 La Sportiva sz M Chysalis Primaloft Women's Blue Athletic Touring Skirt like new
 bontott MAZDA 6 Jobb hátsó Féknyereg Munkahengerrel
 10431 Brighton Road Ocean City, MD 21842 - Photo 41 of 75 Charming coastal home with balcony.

==

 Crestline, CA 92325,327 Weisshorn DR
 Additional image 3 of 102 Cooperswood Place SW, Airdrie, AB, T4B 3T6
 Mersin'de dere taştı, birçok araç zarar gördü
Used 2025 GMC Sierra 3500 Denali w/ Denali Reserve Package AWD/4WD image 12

---

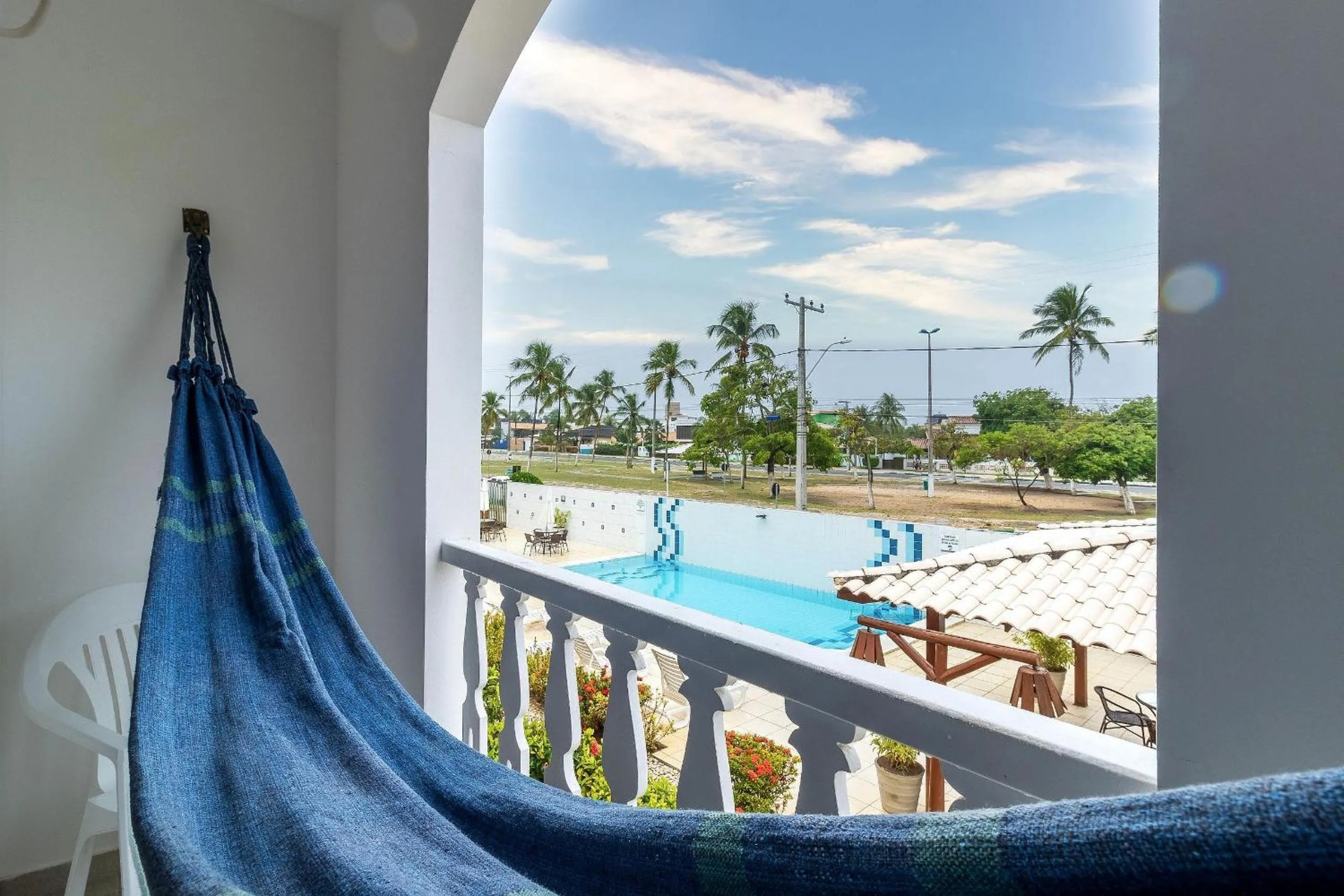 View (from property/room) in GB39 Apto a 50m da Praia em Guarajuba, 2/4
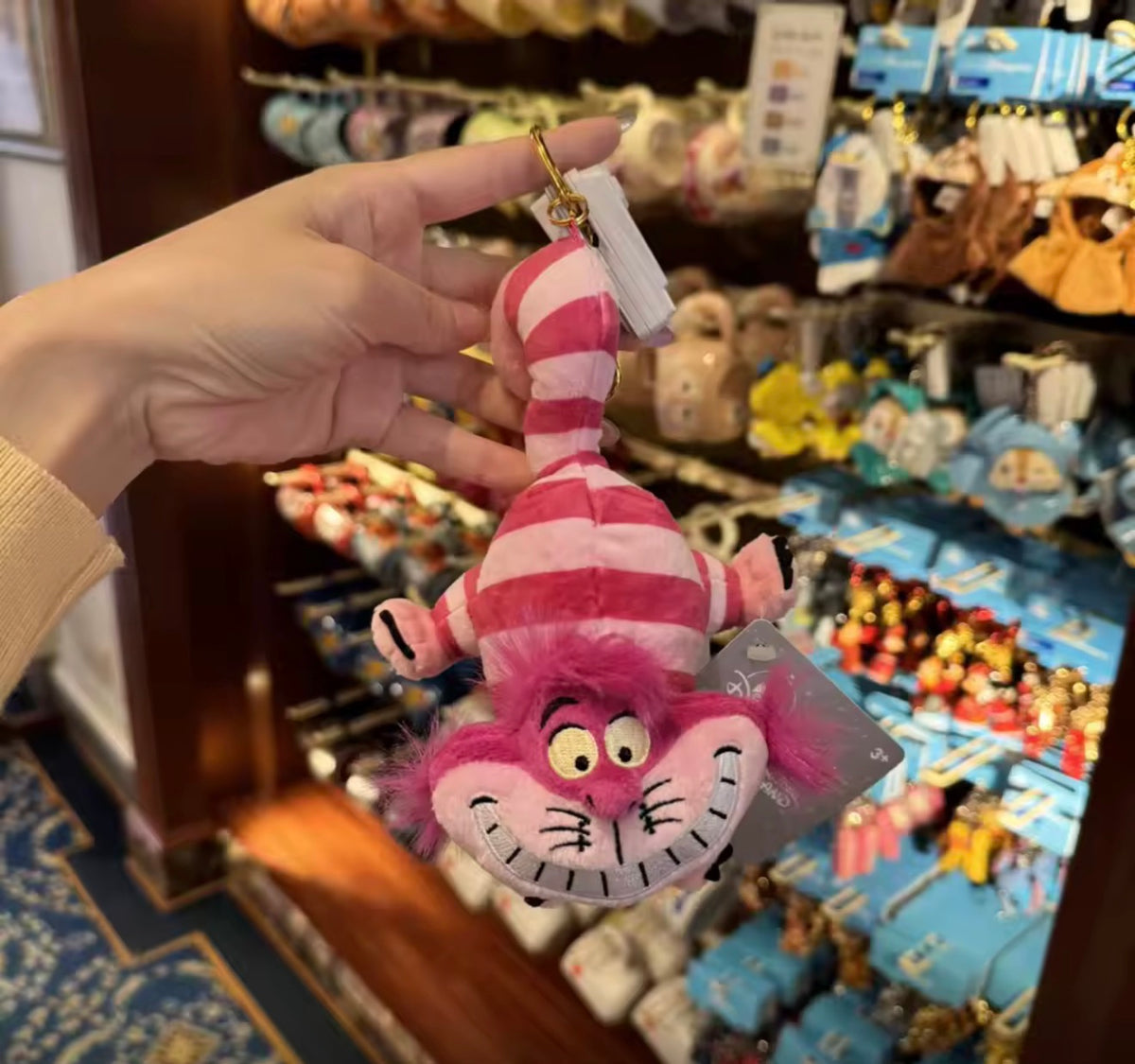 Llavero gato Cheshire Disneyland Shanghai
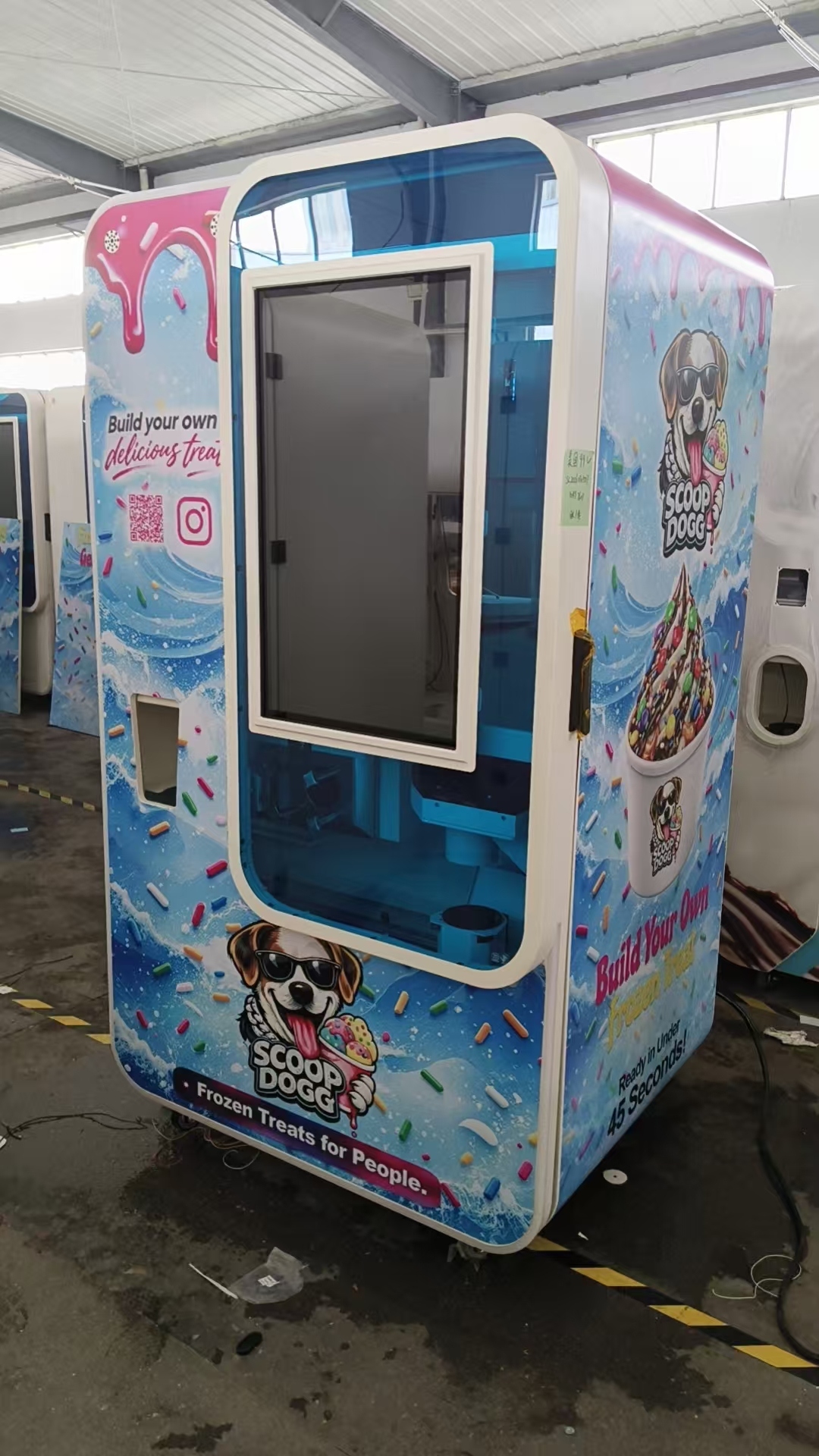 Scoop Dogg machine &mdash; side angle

● What this task involves
Return, unchanged, the run of lines above that opens with the line containing "La Sportiva sz" and closes with the line containing "10431 Brighton Road". Include both.

● Written answer
 La Sportiva sz M Chysalis Primaloft Women's Blue Athletic Touring Skirt like new
 bontott MAZDA 6 Jobb hátsó Féknyereg Munkahengerrel
 10431 Brighton Road Ocean City, MD 21842 - Photo 41 of 75 Charming coastal home with balcony.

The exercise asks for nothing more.